Dans les pays confrontés à d’autres problèmes, comme le changement climatique, les augmentations des prix des denrées alimentaires ont été catastrophiques. Par exemple, au Liban, « le coût d’un panier alimentaire de base (les besoins alimentaires minimaux par famille et par mois) a grimpé de 351 % » en 2021 par rapport à 2020, toujours selon le PAM.
Si le Nord n’est pas menacé par la famine, les populations de ces pays voient leur niveau de vie fortement mis sous pression car la crise alimentaire mondiale fait également augmenter les prix que les habitants des pays riches doivent payer et prévoir dans leur budget. Aux États-Unis, par exemple, la combinaison d’une forte inflation et d’un ralentissement économique a entraîné une réduction de 3,4 % de la rémunération hebdomadaire moyenne réelle au cours de l’année dernière, selon les données fournies par le Bureau étasunien des statistiques du travail.
La fausse analyse du G7 sur les causes de la crise alimentaire
Voyant s’accentuer la menace d’une aggravation de la crise alimentaire, les ministres des Affaires étrangères du G7 se sont réunis du 12 au 14 mai pour enfin se pencher sur cette question urgente. Ils ont publié une déclaration le 13 mai, exprimant leur « profonde inquiétude » face à l’insécurité alimentaire croissante, tout en soulignant dès le lendemain que « le monde est aujourd’hui confronté à une aggravation de l’insécurité alimentaire et de la malnutrition […] alors que 43 millions de personnes étaient déjà au bord de la famine ».
Mais le G7 a prétendu à tort que cette crise alimentaire était principalement due au fait que « la Russie bloque les voies d’exportation des céréales à partir de l’Ukraine ». Selon la ministre des Affaires étrangères canadienne, Mélanie Joly : « Nous devons faire en sorte que ces céréales soient expédiées partout dans le monde, sinon, des millions de personnes seront confrontées à la famine ».
Sanctions et crise alimentaire mondiale
Cette déclaration du G7 a délibérément déformé la vision que l’on peut avoir de la crise alimentaire mondiale actuelle. Au lieu de tenter de résoudre cette crise, les États-Unis et le reste du G7 en ont profité pour rajouter une couche de leur propagande sur la guerre en Ukraine.
S’il est certain que les restrictions à l’exportation de l’Ukraine aggravent le problème alimentaire mondial, elles n’en sont pas les principales responsables. Les sanctions occidentales imposées aux exportations russes contribuent bien plus à l’aggravation de la situation.
Premièrement, la Russie exporte considérablement plus de produits alimentaires essentiels et d’autres produits que l’Ukraine. La Russie est le premier exportateur mondial de blé au monde. Sa part dans les exportations mondiales est près de trois fois supérieure à celle de l’Ukraine, 18 % contre 7 %.
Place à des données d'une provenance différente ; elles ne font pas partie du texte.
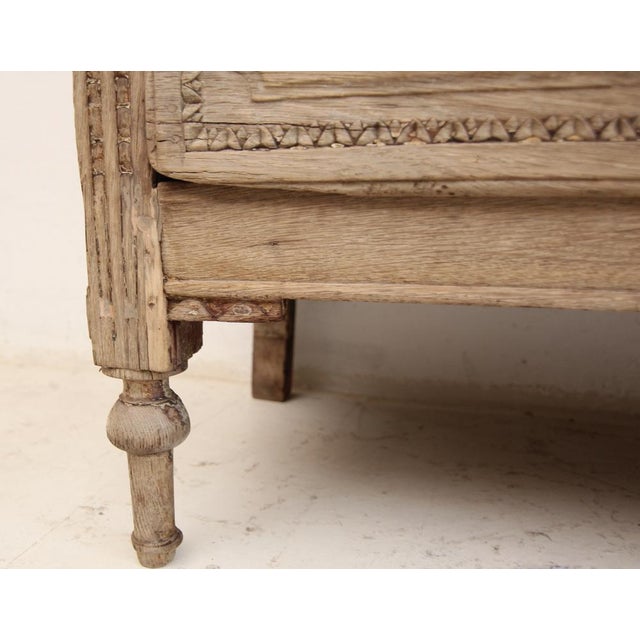 Louis XVI Chest of Drawers in Bleached Oak, Early 19th Century For Sale - Image 12 of 18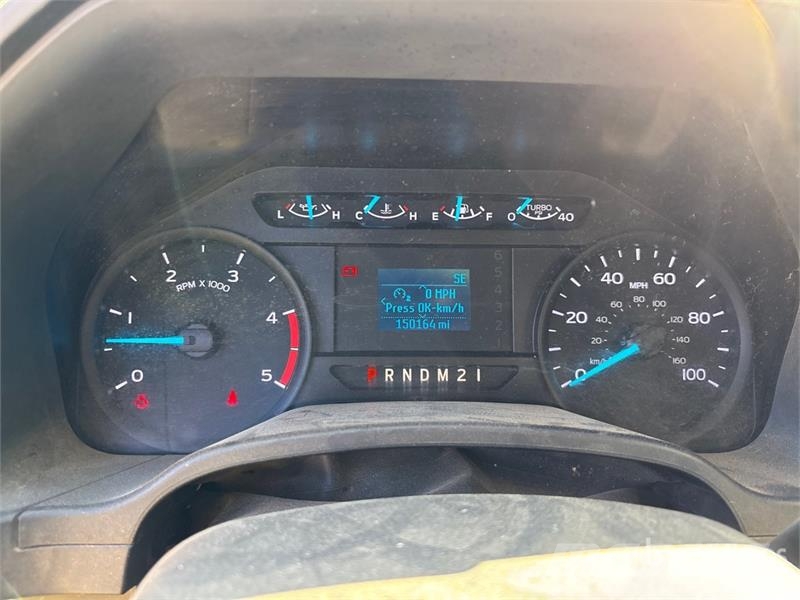 Ford F-450 XL 4x2 Crew Cab Utility Truck Utilitaire benne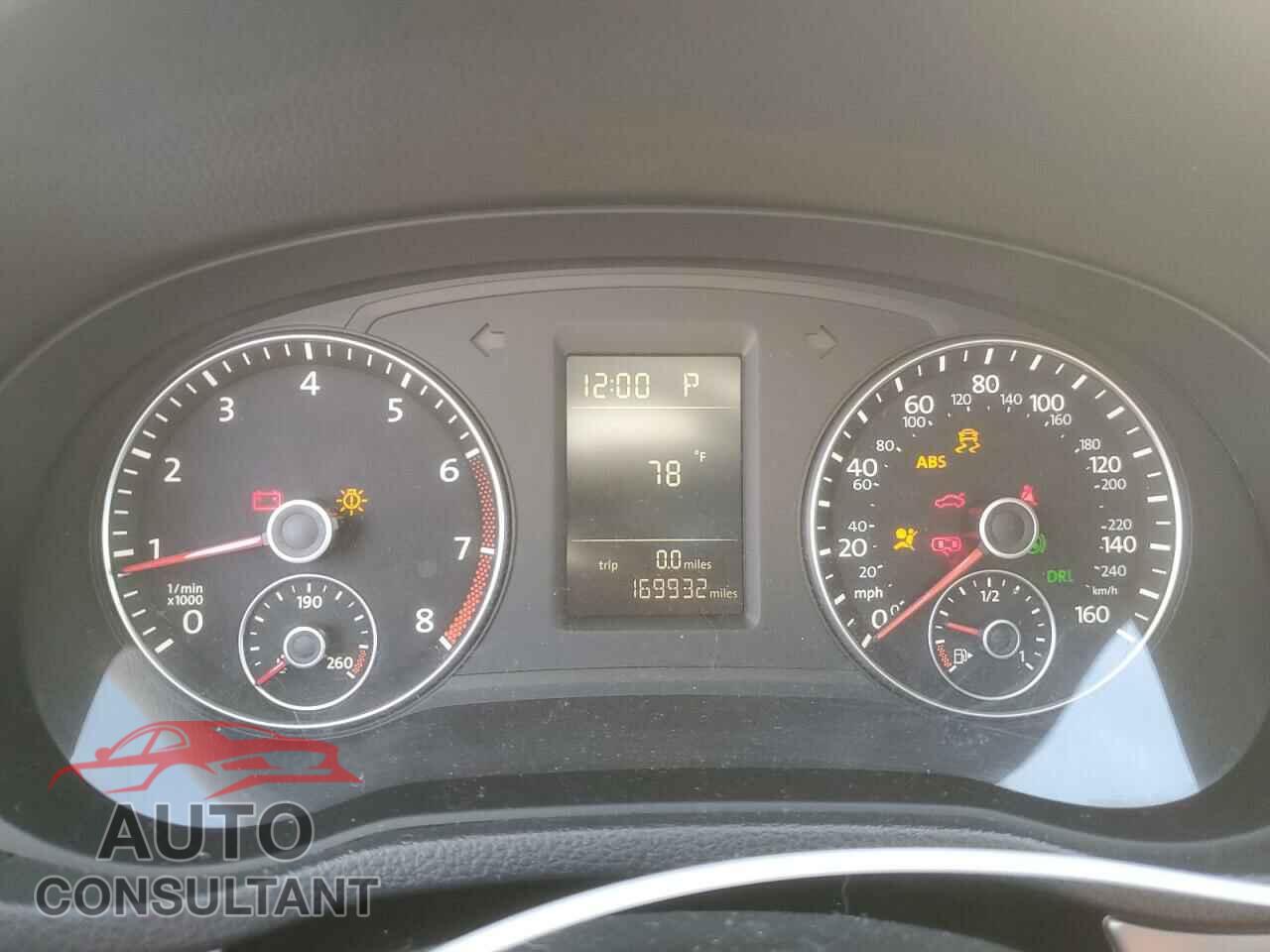 VOLKSWAGEN PASSAT 2013 - 1VWAP7A33DC042679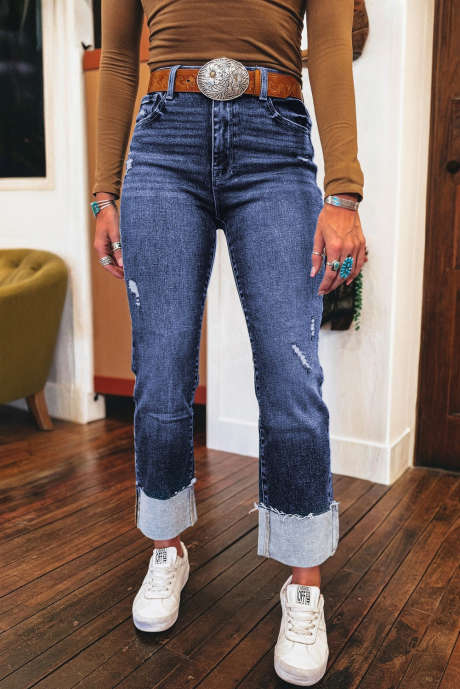 Calça jeans reta desgastada com punhos dobrados e cintura alta
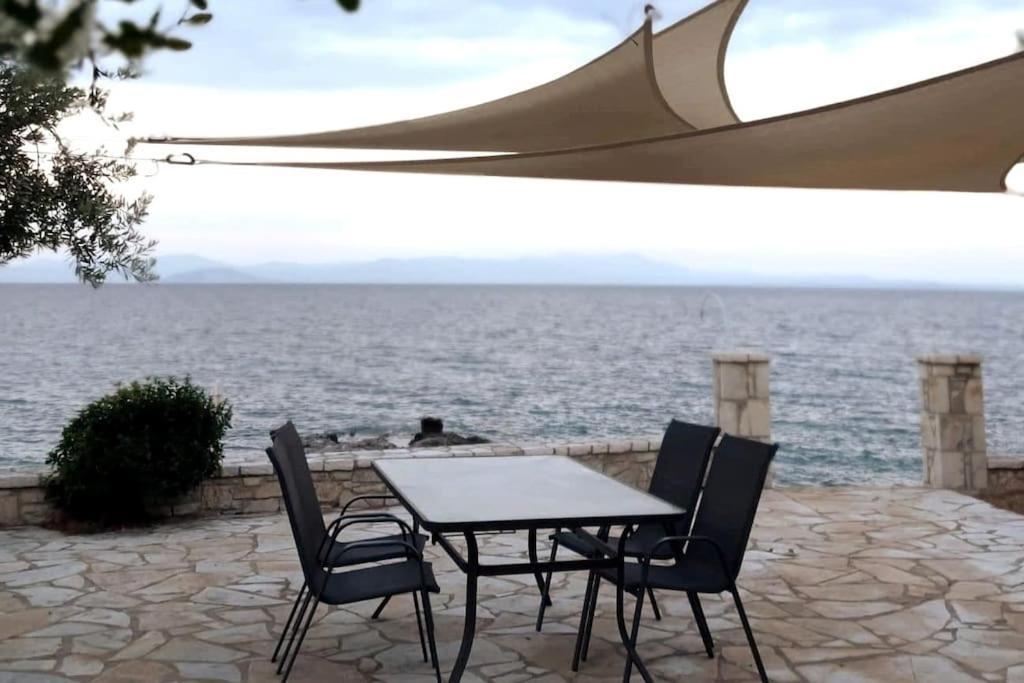 Karantou Villa Tiros Luaran gambar
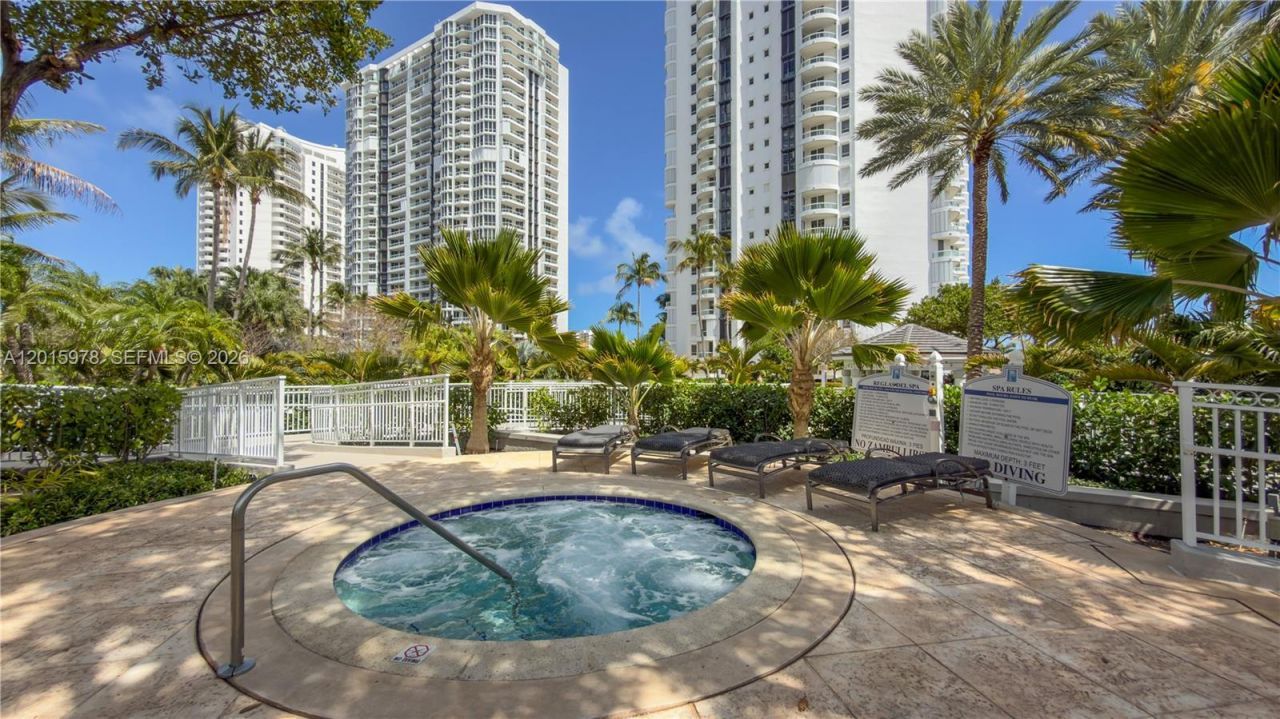 21055 Yacht Club Dr , Unit 1707, Aventura, FL 33180 Photo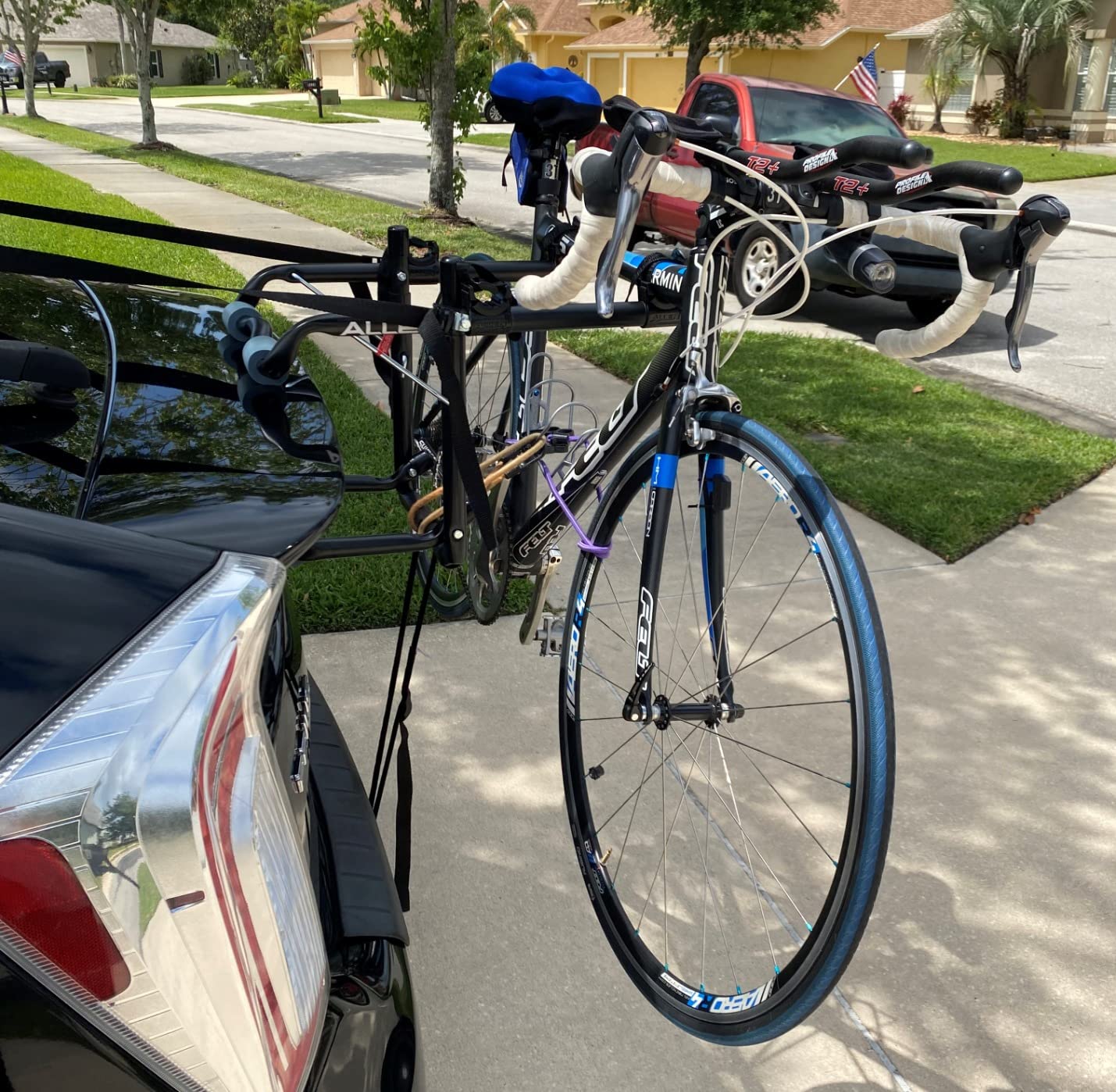 Allen Deluxe 3-Bike Trunk Mount Rack, Blk/ Silver customer photo 2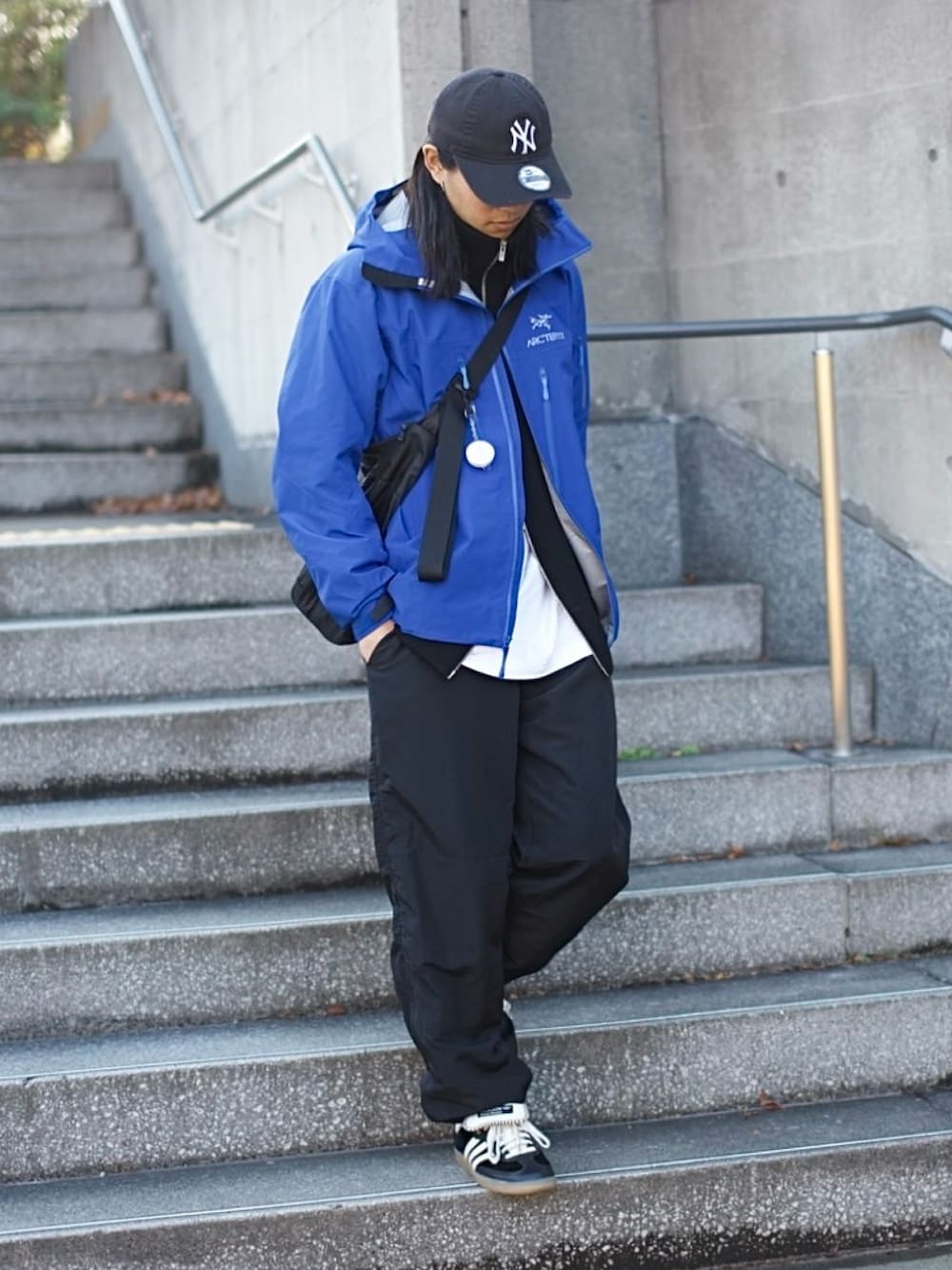 ARC'TERYX ナイロンジャケット 青 【公式通販】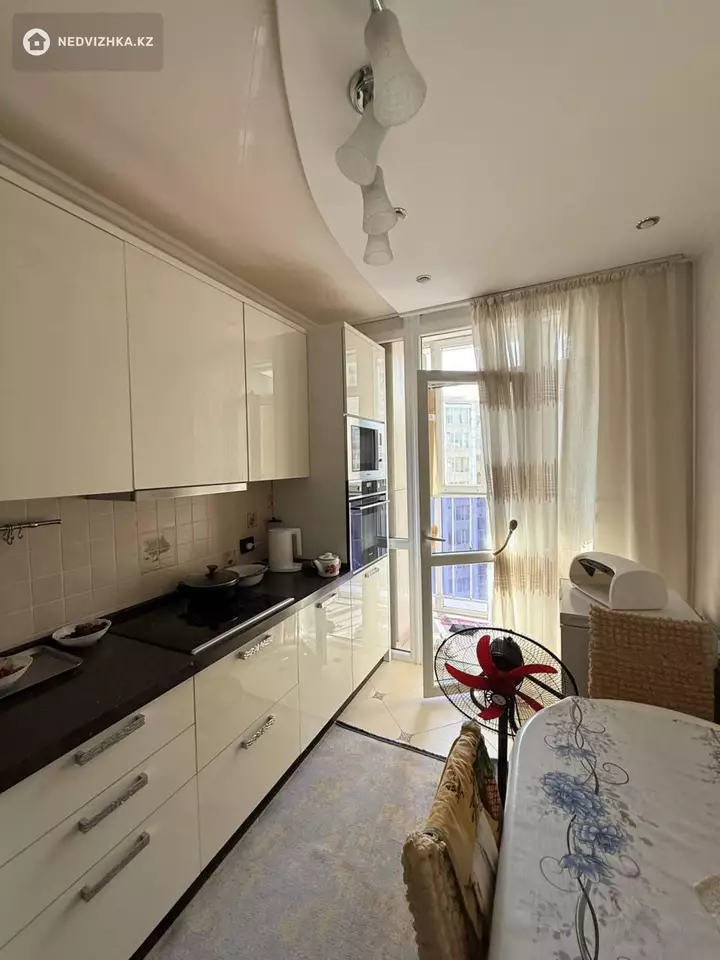 3-комнатная квартира, этаж 8 из 18, 73 м², фотография 5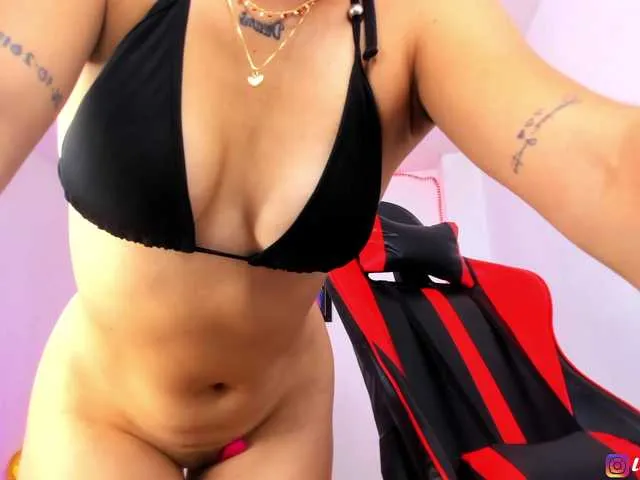 Live sex webcam photo for Lucyy-Rose #293635356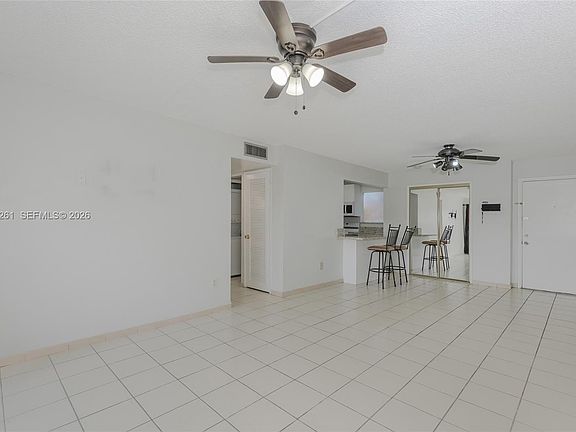 5th image of 9150 Fontainebleau Blvd APT 402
Deuxièmement, et c’est encore plus important, il y le problème des engrais. La Russie est le plus gros exportateur d’engrais au monde, et le Belarus, qui fait également l’objet de sanctions occidentales, en est aussi un fournisseur important. Ensemble, ces deux pays assurent plus de 20 pour cent de l’approvisionnement mondial en la matière. Les prix des engrais étaient déjà en hausse avant la guerre en Ukraine en raison des prix élevés des carburants (la production d’engrais est fortement tributaire du gaz naturel), mais les sanctions imposées par l’Occident, qui empêchent la Russie d’exporter des engrais, ont aggravé la situation.
David Laborde, chercheur principal à l’Institut international de recherche sur les politiques alimentaires, a insisté sur le fait que « la plus grande menace à laquelle le système alimentaire est confronté est la crise du commerce des engrais ». En effet, selon lui, « le blé aura un impact sur quelques pays. Une pénurie d’engrais peut avoir des répercussions sur tous les agriculteurs du monde entier et entraîner une baisse de la production de l’ensemble des aliments, et pas seulement du blé ».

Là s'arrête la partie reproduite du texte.